If individual members of the classis find that their consciences, as illuminated by Scripture, would not permit them to participate in the licensure, ordination or installation of women as ministers of the Word, they shall not be required to participate in decisions or actions contrary to their consciences, but may not obstruct the classis in fulfilling its responsibility to arrange for the care, ordination, and installation of women candidates and ministers by means mutually agreed on by such women and the classis.

(c) Amend Part II, Article 10 (BCO, p. 40) by adding a new section:

Section 15. Ministers of the Word shall not be pressured in such a way as to lead either one who supports or one who opposes, on scriptural grounds, the ordination of women to church offices to offend against his or her conscience. Nor shall any church member be penalized for conscientious objection to, or support of, the ordination of women to church offices. Nor shall any minister of the Word or church member obstruct by unconstitutional means the election, ordination, or installation of a woman to church offices. (MGS 1980: 275)

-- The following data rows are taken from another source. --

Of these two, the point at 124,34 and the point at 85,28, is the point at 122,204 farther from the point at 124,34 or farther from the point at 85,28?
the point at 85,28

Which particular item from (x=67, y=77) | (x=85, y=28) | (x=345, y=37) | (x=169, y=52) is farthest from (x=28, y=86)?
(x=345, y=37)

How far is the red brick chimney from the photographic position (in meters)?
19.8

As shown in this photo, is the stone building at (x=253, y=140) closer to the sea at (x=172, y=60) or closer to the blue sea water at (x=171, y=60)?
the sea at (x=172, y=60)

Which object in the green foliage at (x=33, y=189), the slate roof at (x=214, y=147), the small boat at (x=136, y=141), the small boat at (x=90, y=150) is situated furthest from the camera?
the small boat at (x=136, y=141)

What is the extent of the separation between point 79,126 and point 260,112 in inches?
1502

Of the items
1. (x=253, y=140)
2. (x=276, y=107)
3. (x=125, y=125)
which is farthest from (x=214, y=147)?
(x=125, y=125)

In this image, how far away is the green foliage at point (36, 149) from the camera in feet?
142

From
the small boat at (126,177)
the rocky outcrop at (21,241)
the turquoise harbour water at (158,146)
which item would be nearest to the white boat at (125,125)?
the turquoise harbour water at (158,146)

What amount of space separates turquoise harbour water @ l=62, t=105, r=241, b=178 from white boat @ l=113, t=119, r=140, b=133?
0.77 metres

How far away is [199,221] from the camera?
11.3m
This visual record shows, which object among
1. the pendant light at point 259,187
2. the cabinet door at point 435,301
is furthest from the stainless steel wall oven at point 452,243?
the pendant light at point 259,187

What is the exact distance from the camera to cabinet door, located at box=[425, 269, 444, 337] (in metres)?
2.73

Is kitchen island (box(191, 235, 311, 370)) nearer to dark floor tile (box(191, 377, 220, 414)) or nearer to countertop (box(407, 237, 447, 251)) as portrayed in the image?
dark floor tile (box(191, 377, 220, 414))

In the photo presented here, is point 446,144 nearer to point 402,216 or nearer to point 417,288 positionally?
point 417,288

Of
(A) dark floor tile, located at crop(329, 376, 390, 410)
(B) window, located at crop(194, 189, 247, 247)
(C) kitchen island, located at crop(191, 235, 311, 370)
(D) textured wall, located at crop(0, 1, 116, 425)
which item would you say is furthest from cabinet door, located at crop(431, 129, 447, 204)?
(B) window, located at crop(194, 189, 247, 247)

In 1989, the minutes of the General Synod noted that it

continues to note with deepest regret the number of congregations in which women do not serve as deacons and elders. It is the hope of the commission that congregations will become increasingly open to affirming and utilizing the gifts of all their members. (MGS 1989: 253)

In 1991, the Commission on Theology presented a paper entitled “The Role and Authority of Women in Ministry” to the General Synod. The paper asserted that

In sum, the authority of women and men in ministry is given to them by the triune God, who is the author of the first creation and the finisher of the new creation which exists within and beyond human history. Those called by God are called to exercise their authority in a way which builds up and makes new and seeks goodness and delight, wholeness and harmony, equality and productivity. As God welcomes and persuades men and women into partnership, so must those who represent God. As God opposes all partnerships which misunderstand or abuse the servant authority made manifest by Jesus Christ, so must women and men who share in Christ’s ministry. (MGS 1991: 445)

Since the 1980s, the Commission for Women has studied the situation of women in ministry in the RCA. The commission reports to the General Synod every year, encouraging advocacy for women in office.

In 2012, General Synod voted to remove the “conscience clauses”—statements that spell out how people can and cannot conscientiously object to the ordination process of women—from the Book of Church Order. The required two-thirds of RCA classes voted in support of synod’s action, and the 2013 General Synod ratified the removal of the “conscience clauses” from the Book of Church Order.